**RECORDS PROVIDED**
################
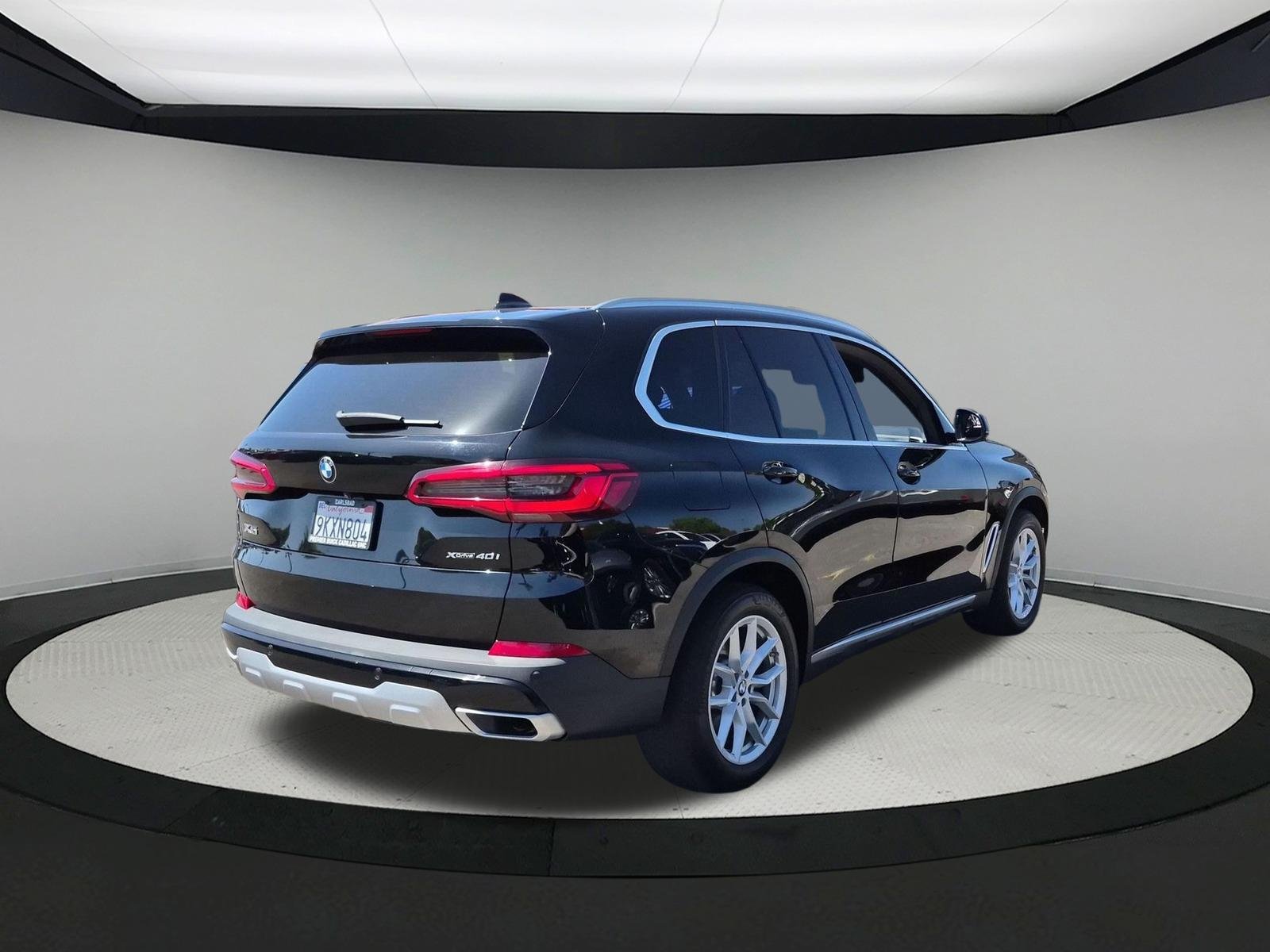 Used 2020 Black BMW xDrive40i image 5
################
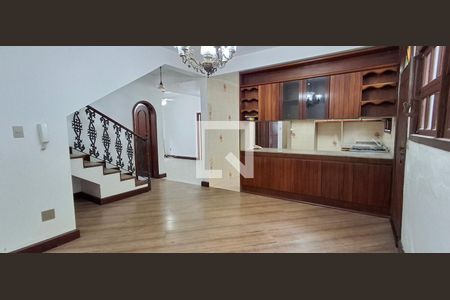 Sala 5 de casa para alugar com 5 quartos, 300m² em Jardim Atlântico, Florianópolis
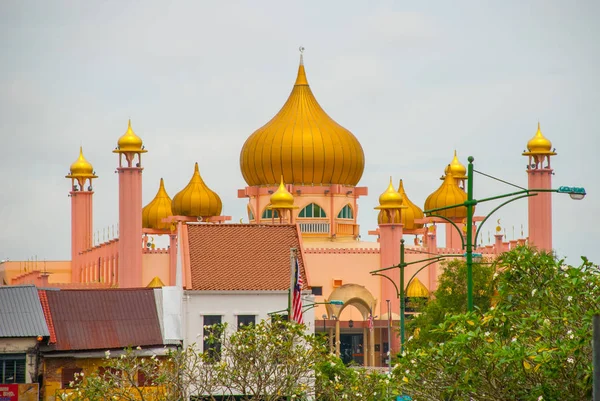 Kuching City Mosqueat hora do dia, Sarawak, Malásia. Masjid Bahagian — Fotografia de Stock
################
**DESCRIPTION OF THE TASK**
Copy nothing but the lines above that run from the one with "Sala 5 de casa" to the one with "Kuching City Mosqueat", ends included; pictures stay out.

**SOLUTION FOR THIS EXERCISE**
 Sala 5 de casa para alugar com 5 quartos, 300m² em Jardim Atlântico, Florianópolis
 Kuching City Mosqueat hora do dia, Sarawak, Malásia. Masjid Bahagian — Fotografia de Stock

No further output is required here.